We are in a soft federation with another local Bethnal Green school, Bangabandhu Primary School. Please click the link below to visit the Soft Federation page which will give you more details about what this means.

Click here to view The Globe and Bangabandhu Soft Federation page.

Organisation of Classes

We are a ‘one and a half form entry’ school which means that from Reception onwards, each year group has 45 children. 

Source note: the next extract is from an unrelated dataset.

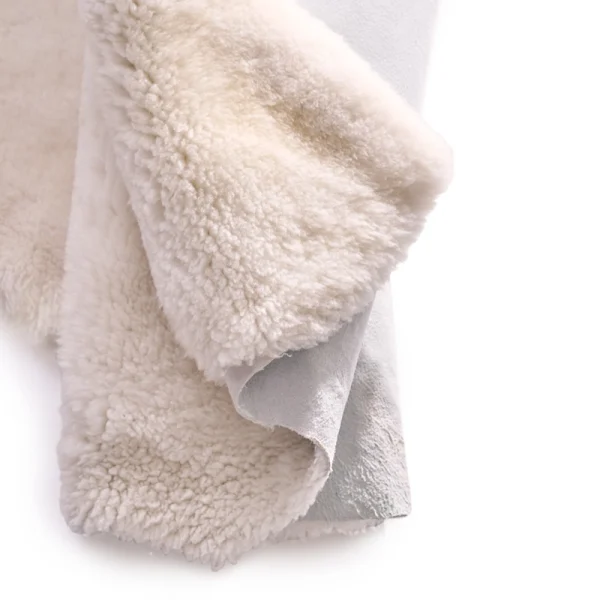 Perfect Hideaways: A close-up of a folded ivory sheepskin rug, highlighting the thick, fluffy fleece and suede-like underside. Perfect Hideaways shop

However, that does not mean there are 45 in a class! Class sizes from Y1 onwards are 30 with Reception being 22 or 23. Our classes are arranged as follows:

Nursery - based on the Rachel Keeling Site, Bullards Place, Morpeth Street, E 2 0PS

3 classes - Sunflower, Bluebell and Rose

2 year olds - 15 hour places only

3 & 4 year olds - 15 hour & 30 hour places

Reception to Year 6 - based on the main school site, Gawber Stree, E2 0JH

Two Reception classes, one class of 22 and one of 23.

Key Stage 1

Year One, Year One/Two, Year Two, a Specialist Class

Lower Key Stage 2

Year Three, Year Three/Four, Year Four

Upper Key Stage 2

Year Five, Year Five/Six, Year Six

Language Provision

(This is what we call our additionally resourced provision for children with speech, language and communication need, children who have a diagnosis of developmental language disorder.).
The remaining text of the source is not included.